## Input data

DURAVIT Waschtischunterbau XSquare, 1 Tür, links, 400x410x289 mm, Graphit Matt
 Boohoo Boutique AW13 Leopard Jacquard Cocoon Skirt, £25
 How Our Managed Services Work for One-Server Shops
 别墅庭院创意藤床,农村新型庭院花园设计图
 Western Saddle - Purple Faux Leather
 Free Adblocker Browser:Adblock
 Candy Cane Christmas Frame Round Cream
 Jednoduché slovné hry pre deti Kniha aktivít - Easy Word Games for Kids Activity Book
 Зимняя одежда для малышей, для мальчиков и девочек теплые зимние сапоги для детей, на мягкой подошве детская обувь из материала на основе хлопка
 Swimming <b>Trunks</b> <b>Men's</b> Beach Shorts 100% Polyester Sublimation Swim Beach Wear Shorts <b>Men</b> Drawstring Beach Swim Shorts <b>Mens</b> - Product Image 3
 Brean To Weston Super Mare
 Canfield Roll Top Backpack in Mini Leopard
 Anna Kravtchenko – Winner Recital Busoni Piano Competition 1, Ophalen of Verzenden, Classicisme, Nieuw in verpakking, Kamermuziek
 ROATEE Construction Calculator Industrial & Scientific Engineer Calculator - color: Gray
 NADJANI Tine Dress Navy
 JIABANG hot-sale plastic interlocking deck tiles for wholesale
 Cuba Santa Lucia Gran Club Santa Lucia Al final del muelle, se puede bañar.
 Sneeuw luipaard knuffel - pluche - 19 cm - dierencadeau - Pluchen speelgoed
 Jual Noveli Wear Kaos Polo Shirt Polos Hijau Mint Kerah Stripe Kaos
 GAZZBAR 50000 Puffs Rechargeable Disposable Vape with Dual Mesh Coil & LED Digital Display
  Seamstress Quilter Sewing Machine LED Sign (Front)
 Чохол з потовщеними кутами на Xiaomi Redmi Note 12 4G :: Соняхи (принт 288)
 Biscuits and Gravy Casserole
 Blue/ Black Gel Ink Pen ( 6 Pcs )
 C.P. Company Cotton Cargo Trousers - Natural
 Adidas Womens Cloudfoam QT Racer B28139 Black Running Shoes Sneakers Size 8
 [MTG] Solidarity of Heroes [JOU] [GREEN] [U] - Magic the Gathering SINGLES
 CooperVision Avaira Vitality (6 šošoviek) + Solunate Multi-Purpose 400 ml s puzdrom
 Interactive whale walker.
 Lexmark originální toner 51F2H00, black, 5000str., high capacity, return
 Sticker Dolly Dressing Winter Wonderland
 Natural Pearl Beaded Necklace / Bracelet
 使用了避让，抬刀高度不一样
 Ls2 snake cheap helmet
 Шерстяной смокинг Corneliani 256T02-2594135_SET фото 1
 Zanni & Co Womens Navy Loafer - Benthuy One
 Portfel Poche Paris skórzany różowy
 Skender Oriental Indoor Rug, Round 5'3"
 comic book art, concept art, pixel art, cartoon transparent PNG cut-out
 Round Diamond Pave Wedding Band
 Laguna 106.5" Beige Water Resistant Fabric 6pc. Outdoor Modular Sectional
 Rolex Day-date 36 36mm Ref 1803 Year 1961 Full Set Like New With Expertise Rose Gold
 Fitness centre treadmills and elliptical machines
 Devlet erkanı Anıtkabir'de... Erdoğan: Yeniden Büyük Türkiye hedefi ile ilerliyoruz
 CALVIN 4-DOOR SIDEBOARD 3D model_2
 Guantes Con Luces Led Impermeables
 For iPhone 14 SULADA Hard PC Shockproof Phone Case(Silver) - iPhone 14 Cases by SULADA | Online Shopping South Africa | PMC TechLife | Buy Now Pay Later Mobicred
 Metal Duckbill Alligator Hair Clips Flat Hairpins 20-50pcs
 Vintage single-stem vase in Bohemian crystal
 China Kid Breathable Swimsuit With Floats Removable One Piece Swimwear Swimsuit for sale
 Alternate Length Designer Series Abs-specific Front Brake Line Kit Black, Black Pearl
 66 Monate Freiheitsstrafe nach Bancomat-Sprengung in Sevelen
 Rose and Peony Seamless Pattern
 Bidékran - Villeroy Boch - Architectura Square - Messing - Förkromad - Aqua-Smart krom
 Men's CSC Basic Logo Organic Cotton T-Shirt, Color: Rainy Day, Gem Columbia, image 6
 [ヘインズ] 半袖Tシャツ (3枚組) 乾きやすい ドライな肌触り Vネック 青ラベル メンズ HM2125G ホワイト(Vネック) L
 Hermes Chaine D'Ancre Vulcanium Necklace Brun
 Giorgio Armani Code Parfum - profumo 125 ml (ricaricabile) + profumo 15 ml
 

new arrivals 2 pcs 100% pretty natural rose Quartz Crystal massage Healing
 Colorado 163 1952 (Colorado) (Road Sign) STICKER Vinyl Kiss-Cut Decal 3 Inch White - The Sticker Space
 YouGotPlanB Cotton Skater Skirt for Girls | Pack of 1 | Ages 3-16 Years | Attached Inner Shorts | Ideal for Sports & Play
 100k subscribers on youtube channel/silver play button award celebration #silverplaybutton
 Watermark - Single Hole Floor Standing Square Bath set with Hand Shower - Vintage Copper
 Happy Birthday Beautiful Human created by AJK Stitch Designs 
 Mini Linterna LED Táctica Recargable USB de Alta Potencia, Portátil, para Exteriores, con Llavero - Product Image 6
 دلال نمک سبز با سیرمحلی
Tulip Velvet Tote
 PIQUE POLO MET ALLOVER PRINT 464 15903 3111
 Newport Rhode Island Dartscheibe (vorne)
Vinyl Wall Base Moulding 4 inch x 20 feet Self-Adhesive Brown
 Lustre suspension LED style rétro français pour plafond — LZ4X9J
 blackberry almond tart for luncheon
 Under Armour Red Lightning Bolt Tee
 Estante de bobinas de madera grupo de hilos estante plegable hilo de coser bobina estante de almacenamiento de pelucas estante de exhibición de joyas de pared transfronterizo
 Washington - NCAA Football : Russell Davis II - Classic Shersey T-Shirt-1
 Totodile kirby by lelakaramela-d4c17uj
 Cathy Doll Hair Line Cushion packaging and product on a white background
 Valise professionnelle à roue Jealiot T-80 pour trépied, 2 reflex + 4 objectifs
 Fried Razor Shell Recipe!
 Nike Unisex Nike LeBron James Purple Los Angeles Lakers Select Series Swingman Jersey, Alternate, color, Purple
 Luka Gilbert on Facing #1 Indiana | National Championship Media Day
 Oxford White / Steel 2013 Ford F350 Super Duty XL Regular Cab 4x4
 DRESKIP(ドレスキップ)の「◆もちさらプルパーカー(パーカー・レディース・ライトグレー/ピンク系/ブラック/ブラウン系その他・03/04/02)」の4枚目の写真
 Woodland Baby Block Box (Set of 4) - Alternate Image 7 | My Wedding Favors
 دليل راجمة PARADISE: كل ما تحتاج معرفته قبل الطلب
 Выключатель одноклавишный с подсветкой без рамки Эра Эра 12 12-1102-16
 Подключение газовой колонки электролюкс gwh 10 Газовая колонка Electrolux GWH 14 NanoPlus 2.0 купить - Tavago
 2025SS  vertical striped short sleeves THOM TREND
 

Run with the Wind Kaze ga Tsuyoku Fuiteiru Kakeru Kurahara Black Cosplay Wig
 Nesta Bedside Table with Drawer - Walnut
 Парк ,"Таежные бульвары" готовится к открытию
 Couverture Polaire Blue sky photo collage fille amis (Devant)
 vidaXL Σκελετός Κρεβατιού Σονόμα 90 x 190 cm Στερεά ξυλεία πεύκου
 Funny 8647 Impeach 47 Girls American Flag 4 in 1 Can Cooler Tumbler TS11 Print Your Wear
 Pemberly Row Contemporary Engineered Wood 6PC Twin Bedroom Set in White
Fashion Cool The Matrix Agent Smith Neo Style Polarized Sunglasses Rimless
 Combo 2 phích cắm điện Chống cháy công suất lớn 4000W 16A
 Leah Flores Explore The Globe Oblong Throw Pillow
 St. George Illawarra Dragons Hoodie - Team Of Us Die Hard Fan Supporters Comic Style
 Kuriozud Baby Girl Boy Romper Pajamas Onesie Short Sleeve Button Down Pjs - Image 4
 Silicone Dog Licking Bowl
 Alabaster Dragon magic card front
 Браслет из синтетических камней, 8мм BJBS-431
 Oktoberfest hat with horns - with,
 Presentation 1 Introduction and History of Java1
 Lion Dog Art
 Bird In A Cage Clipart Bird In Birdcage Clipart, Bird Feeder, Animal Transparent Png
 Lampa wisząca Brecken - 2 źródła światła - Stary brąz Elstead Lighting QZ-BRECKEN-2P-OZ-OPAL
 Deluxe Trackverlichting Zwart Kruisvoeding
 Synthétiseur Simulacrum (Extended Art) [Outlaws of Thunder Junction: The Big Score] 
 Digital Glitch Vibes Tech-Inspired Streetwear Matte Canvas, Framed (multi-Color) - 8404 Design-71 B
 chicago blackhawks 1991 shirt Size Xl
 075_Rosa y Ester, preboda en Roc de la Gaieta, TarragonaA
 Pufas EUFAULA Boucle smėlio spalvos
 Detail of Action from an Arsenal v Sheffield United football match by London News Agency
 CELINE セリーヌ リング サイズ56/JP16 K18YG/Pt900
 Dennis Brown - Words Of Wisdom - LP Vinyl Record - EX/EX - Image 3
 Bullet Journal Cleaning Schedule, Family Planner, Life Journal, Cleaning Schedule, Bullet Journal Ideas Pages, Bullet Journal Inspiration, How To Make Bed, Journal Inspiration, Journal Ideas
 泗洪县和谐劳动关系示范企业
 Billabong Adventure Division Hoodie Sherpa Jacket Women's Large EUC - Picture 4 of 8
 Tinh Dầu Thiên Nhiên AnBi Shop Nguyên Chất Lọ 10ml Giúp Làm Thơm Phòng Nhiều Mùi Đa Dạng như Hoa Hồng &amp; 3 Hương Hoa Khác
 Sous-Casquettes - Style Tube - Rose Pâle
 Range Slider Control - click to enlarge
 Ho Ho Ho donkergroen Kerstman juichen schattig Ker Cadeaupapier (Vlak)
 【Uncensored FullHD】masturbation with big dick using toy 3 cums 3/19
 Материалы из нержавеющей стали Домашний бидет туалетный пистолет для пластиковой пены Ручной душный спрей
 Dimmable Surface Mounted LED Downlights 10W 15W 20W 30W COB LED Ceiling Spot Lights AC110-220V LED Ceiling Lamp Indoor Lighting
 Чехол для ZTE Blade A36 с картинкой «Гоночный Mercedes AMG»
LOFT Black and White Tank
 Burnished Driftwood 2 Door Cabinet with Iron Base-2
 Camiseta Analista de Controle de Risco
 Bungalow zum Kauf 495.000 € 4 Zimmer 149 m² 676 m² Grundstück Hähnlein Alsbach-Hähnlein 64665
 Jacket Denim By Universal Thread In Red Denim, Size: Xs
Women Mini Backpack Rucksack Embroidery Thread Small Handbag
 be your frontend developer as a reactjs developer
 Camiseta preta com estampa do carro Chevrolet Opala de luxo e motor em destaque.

## The task
All lines above between those holding "PIQUE POLO MET ALLOVER PRINT 464 15903 3111" and "Выключатель одноклавишный с", inclusive, must be set down unchanged, and no other line may be included.

## Final answer
 PIQUE POLO MET ALLOVER PRINT 464 15903 3111
 Newport Rhode Island Dartscheibe (vorne)
Vinyl Wall Base Moulding 4 inch x 20 feet Self-Adhesive Brown
 Lustre suspension LED style rétro français pour plafond — LZ4X9J
 blackberry almond tart for luncheon
 Under Armour Red Lightning Bolt Tee
 Estante de bobinas de madera grupo de hilos estante plegable hilo de coser bobina estante de almacenamiento de pelucas estante de exhibición de joyas de pared transfronterizo
 Washington - NCAA Football : Russell Davis II - Classic Shersey T-Shirt-1
 Totodile kirby by lelakaramela-d4c17uj
 Cathy Doll Hair Line Cushion packaging and product on a white background
 Valise professionnelle à roue Jealiot T-80 pour trépied, 2 reflex + 4 objectifs
 Fried Razor Shell Recipe!
 Nike Unisex Nike LeBron James Purple Los Angeles Lakers Select Series Swingman Jersey, Alternate, color, Purple
 Luka Gilbert on Facing #1 Indiana | National Championship Media Day
 Oxford White / Steel 2013 Ford F350 Super Duty XL Regular Cab 4x4
 DRESKIP(ドレスキップ)の「◆もちさらプルパーカー(パーカー・レディース・ライトグレー/ピンク系/ブラック/ブラウン系その他・03/04/02)」の4枚目の写真
 Woodland Baby Block Box (Set of 4) - Alternate Image 7 | My Wedding Favors
 دليل راجمة PARADISE: كل ما تحتاج معرفته قبل الطلب
 Выключатель одноклавишный с подсветкой без рамки Эра Эра 12 12-1102-16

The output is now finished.